The Matrix also have similarities to Akira (
Katsuhiro Otomo, 1988) and GITS (Ghost in the Shell, by Masanori Ota, under pseudonym Masamune Shirow, hit the screen in 1995), what was actually admited by the Wachowski Bros in The Animatrix. Indeed there are several "borrowed" scenes and story lines. Likewise Dark City (Alex Proyas, 1998) has too many resemblances to The Matrix (even used same sets), as well as The Thirteenth Floor (Josef Rusnak, 1999), that was also premiered before. Both are great movies, despite they have not gotten the same acknowledgment as The Matrix did.

But if there do exists a source from where obvious parallelisms with The Matrix come up, are the comic series The Invisibles, from Grant Morrison: the look of Morpheus and the character King Mob; the famous jump of Neo's training with Morpheus, or Dane Jack Frost and Tom O'Bedlan in the comic; or the interrogation scene between Agent Smith and Morpheus, or Sir Miles and King Mob in The Invisibles, to mention a few.
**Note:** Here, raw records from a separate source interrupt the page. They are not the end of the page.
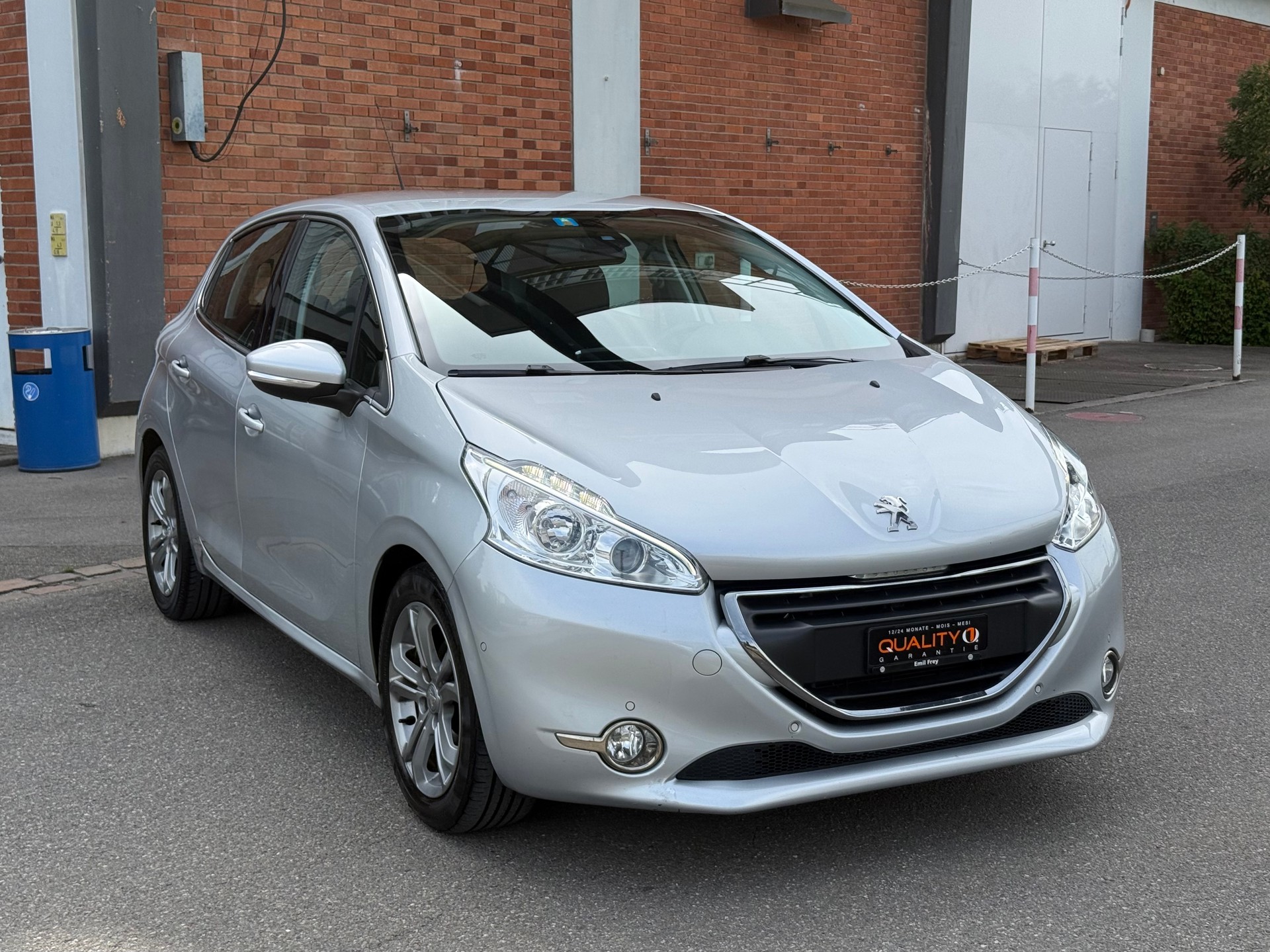 PEUGEOT 208 1.6 VTI Allure Automatik-image-1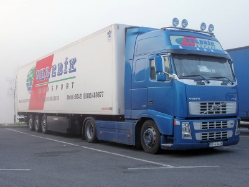 Volvo-FH12-460-blau-Holz-080407-02-SK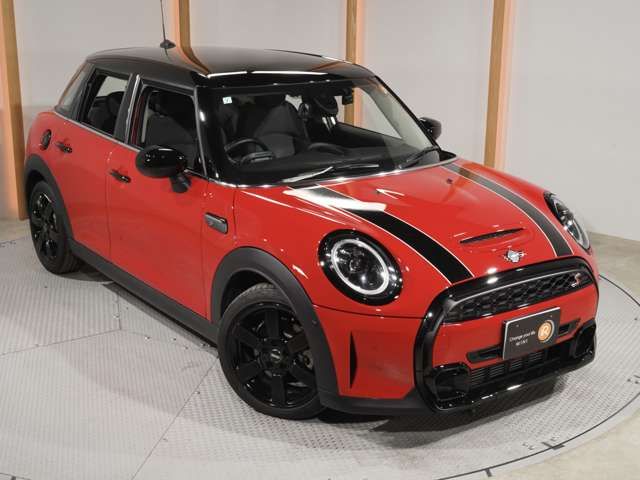 MINI COOPER SD 5DOOR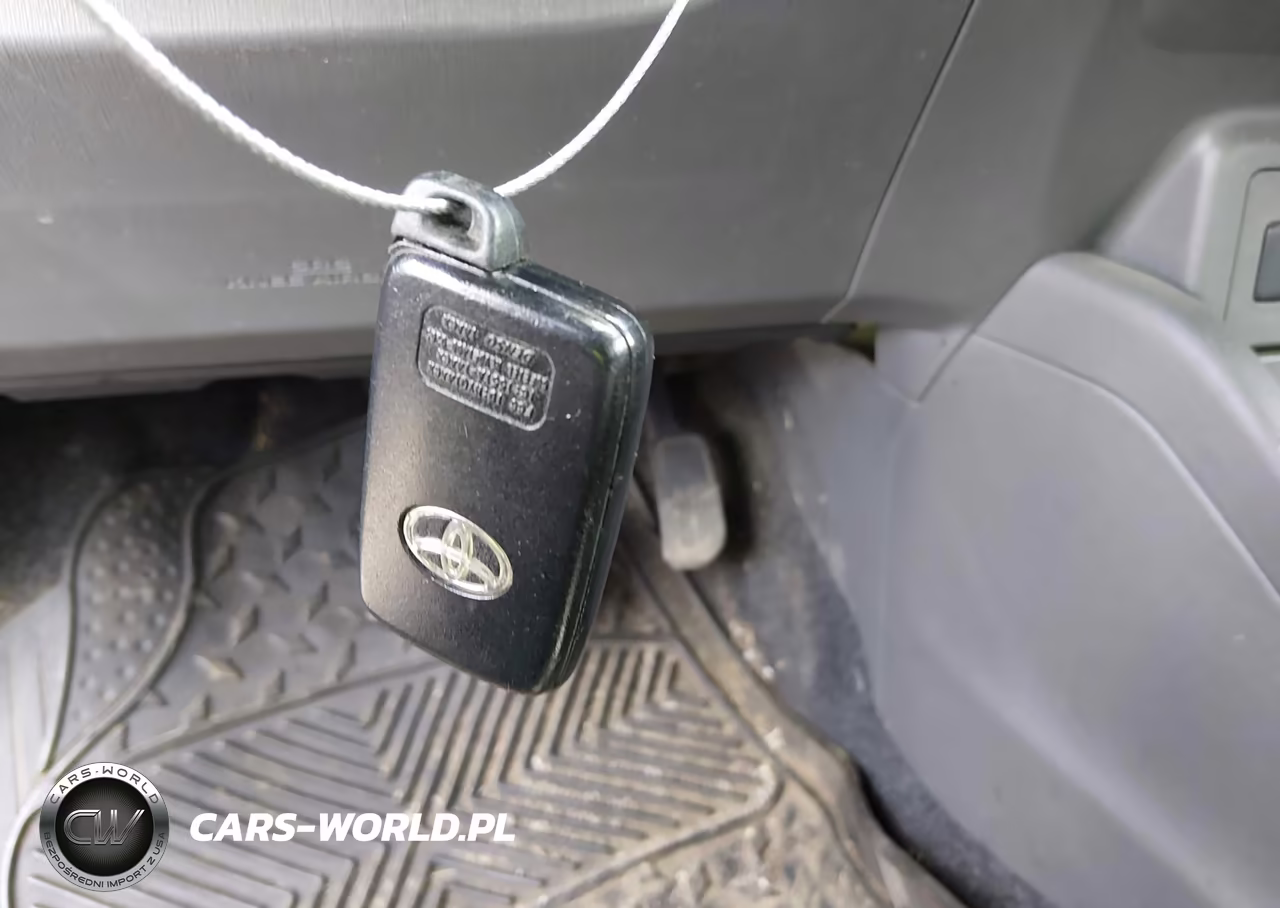 2012 Toyota Prius V Two VIN:JTDZN3EU6C3117168 - 11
There are even some back references, from Morrison to The Matrix, in retaliation, like the "born" (or awakening) scene of Neo, after deciding to fall into the rabbit hole. In fact, King Mob (Morpheus) bears great resemblance to Morrison.

When Morpheus depicts Matrix to Neo, he sentences "Welcome, to the desert of the real". This same sentence misreads the one in sociologist Jean Baudrillard's book Simulacra and Simulation, concerned about how technology influences social relations, hyperreality denying reality.

Outstanding visual effects, specially John Gaeta's "Bullet Time" technique (even its real owner is Michel Gondry, in a Rolling Stones video), The Matrix has been the film that branded the new science-fiction aesthetics.